On the one extreme then you’ll get the facebook whore. This is a person who for whatever reason is desperate to gain a high friend count. They will accept any request and often request anyone no matter how flimsy the connection. The other extreme is the facebook nazi who will only add a small number of their closest friends and will often delete people periodically if they have not communicated with them recently. Again, there is no sheriff in the Wild West and each extreme (and all middle cases) are as legitimate as the others. But what then can we make of facebook friendship when there is no common understanding as to how to define them?

On the one hand, it needs be stated that facebook and facebook friends have an amazing power for good. One of my closest friends met his wife on facebook. This is not at all an isolated incident. A 2010 survey estimated that some 10% of Australian couples had met on a dating site (which doesn’t include social networking sites). In my own case, I met a woman on facebook who was later to introduce me to my wife at a party. But it isn’t just lovers of course, facebook reconnects us with lost friends and allows us to meet and communicate with new people at a level which would simply not be possible in a pre-internet setting.

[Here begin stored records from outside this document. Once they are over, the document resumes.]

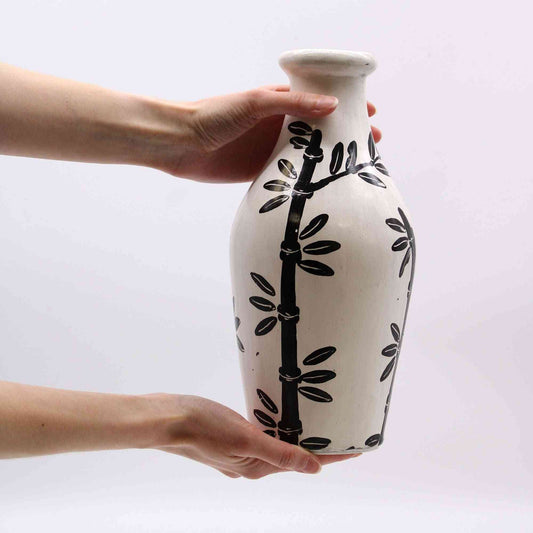 Jarrón de Cerámica con Motivo de Bambú - Natural - bambú boho cerámica | El Bazar de Tizar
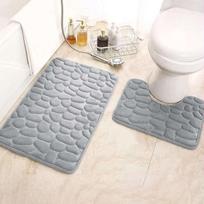 Memory Foam Bath Mat Bath Mat Set Stone Embossed Mat Shallow gray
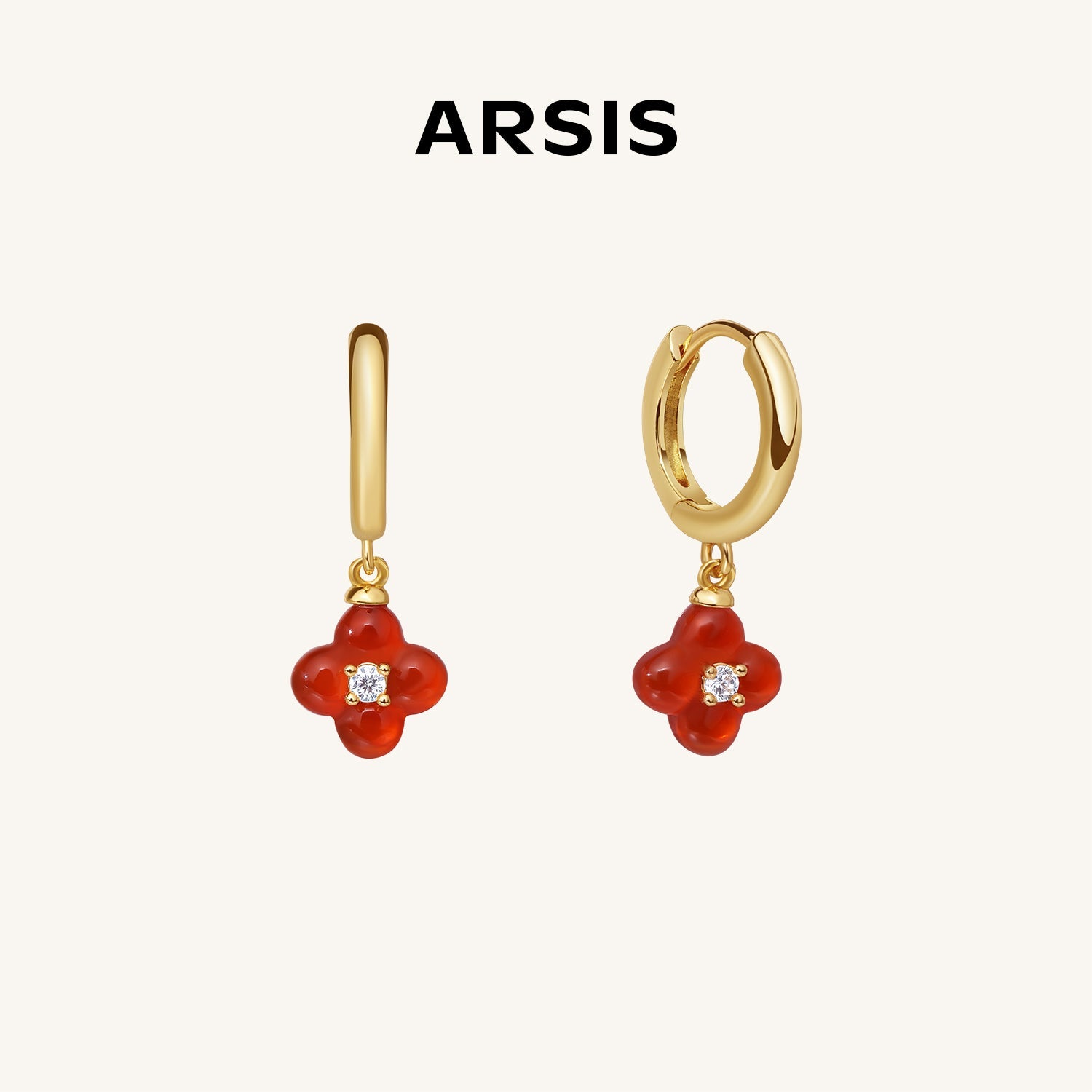シャネル　ピアス　片耳　クローバー　ツヤツヤ♡美しい赤 幸運モチーフ 四つ葉のクローバーピアス – ARSIS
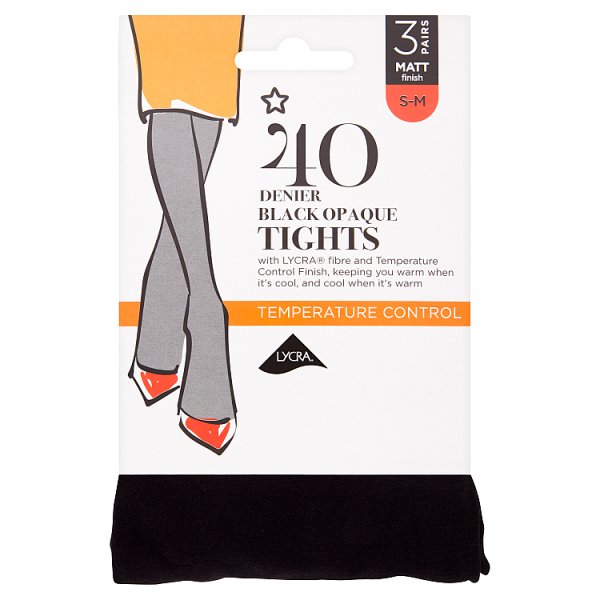 Superdrug Unisex Black 3 Pack 40 Denier Opaque Tights - S/M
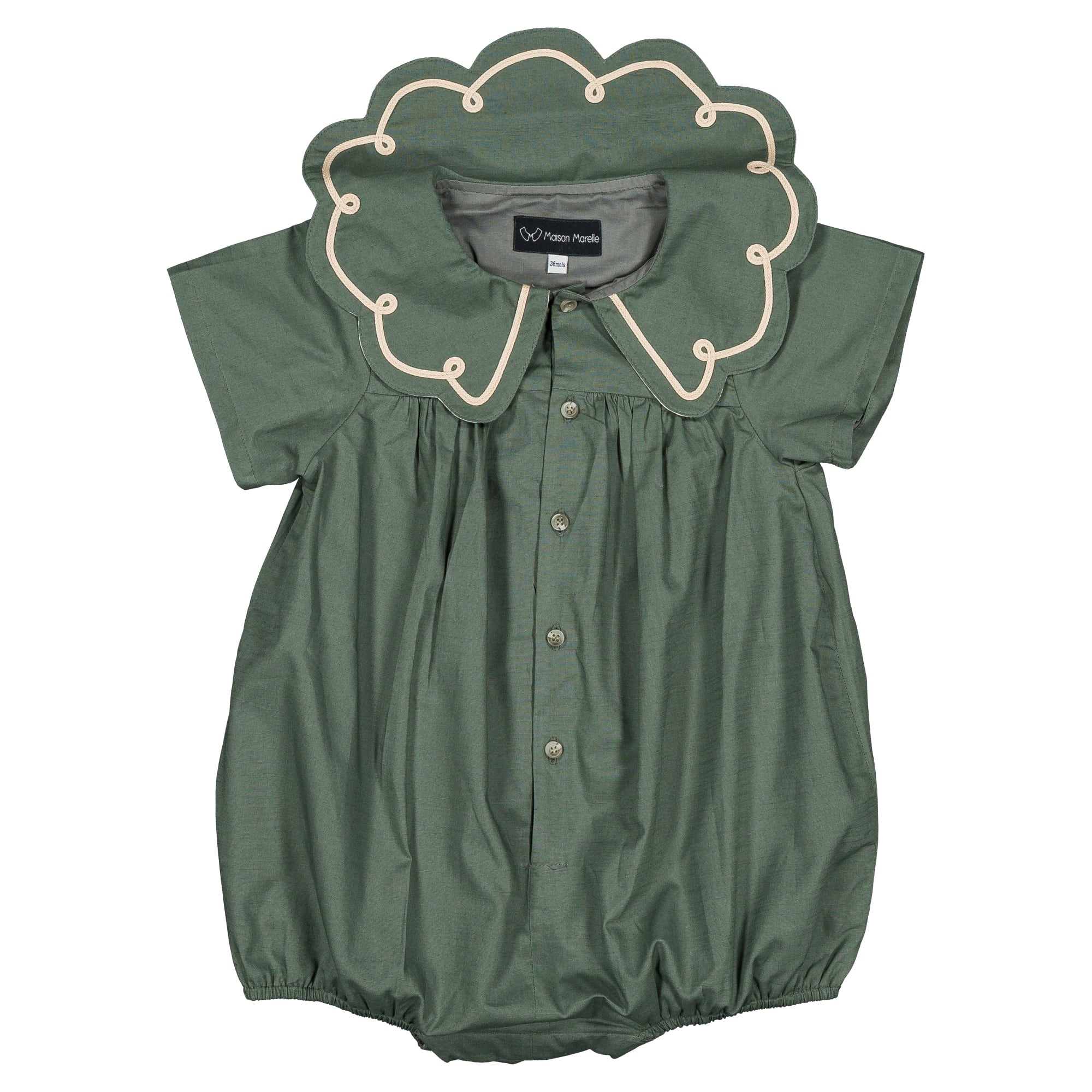 ご予約【MaisonMarelle】送料無料Romper CAMBON - green tea tiles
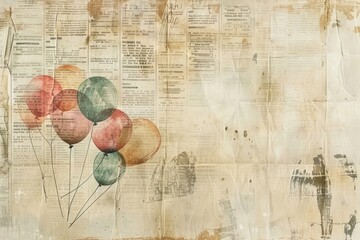 Poster - Balloons ephemera border backgrounds drawing paper.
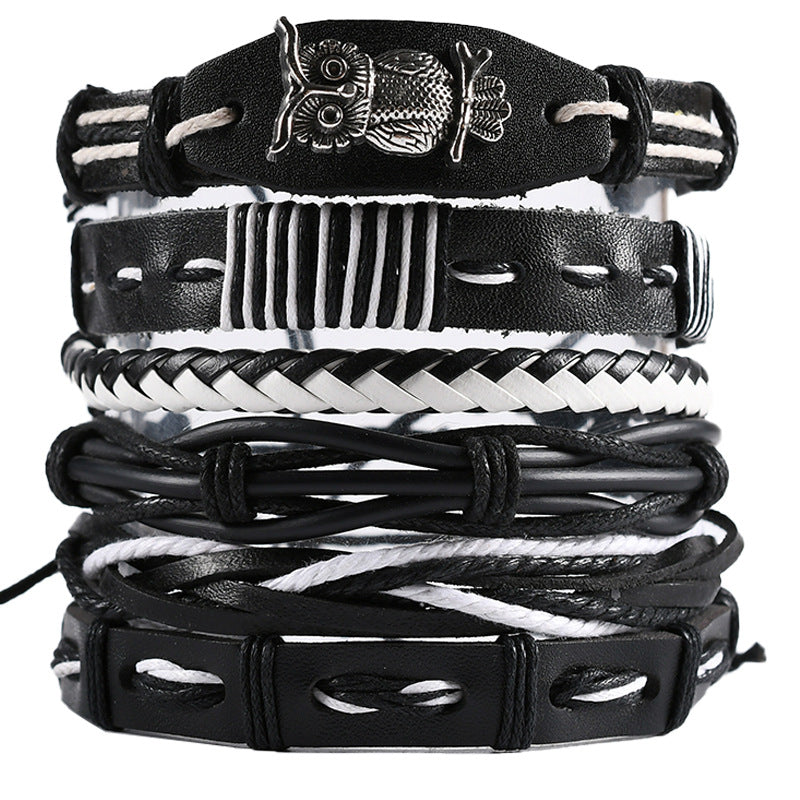 Men's Vintage Pack Cross Woven Leather Adjustable Bracelets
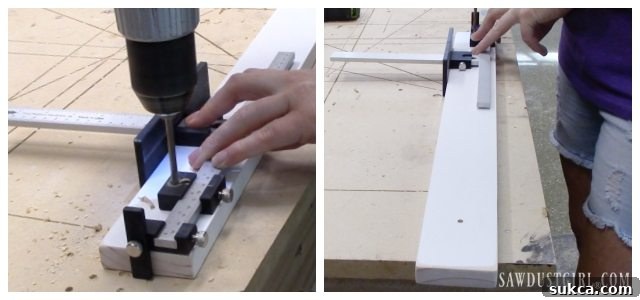 Illustration of the 'flip-and-drill' method for wide drawer fronts using the hardware jig.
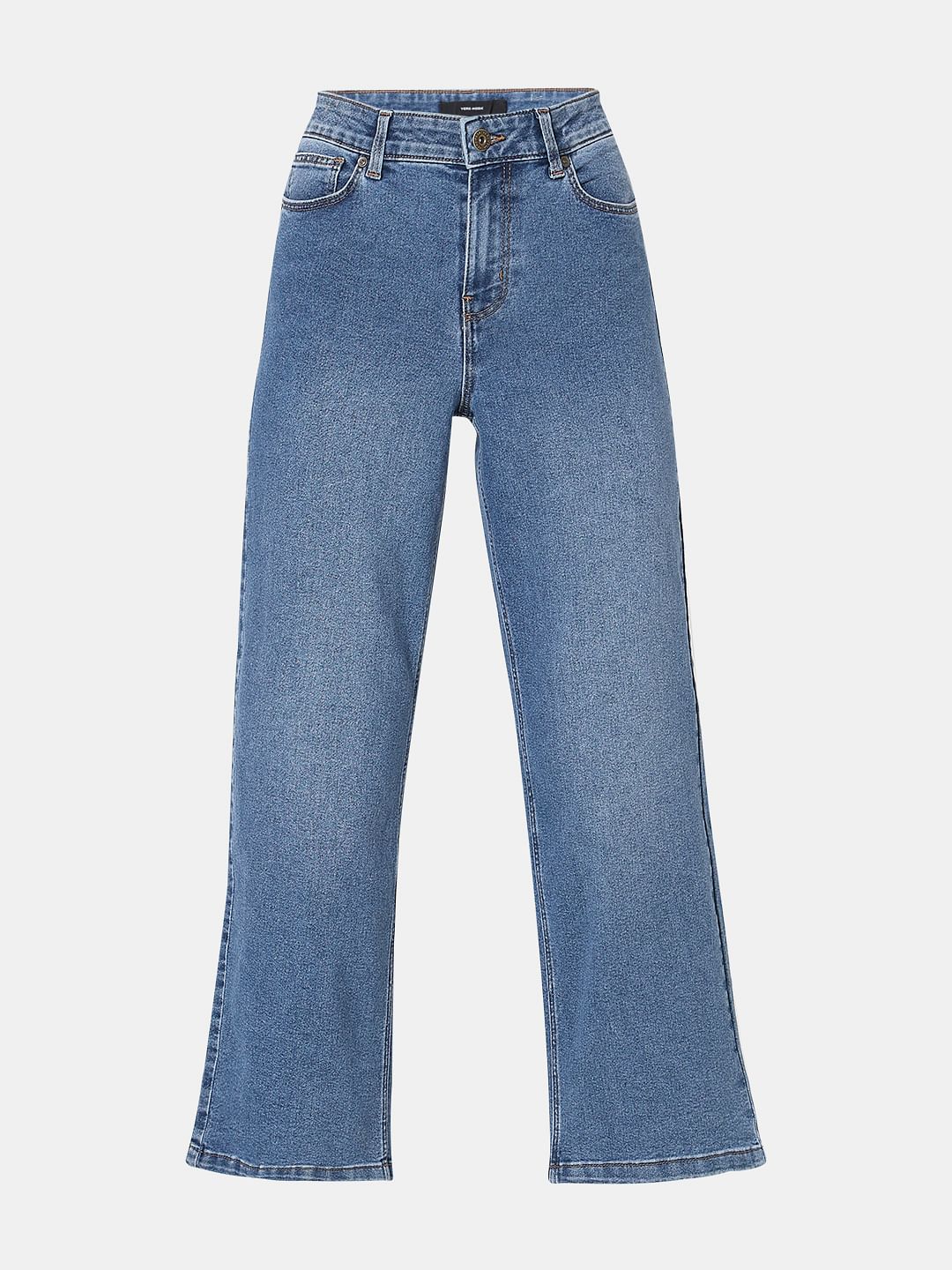 Blue High Rise Washed Zoey Wide-Leg Jeans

Facebook is also a great place to discuss deep issues. A leading status about politics, religion, celebrity culture, weight obsession or any of a thousand other examples will often draw in responses, not only from those who are comfortable with you in real life but from virtually anyone. People by nature love to share their two cents and facebook provides a setting where decorum, social grace and even intelligence are little more than optional extras in public debate.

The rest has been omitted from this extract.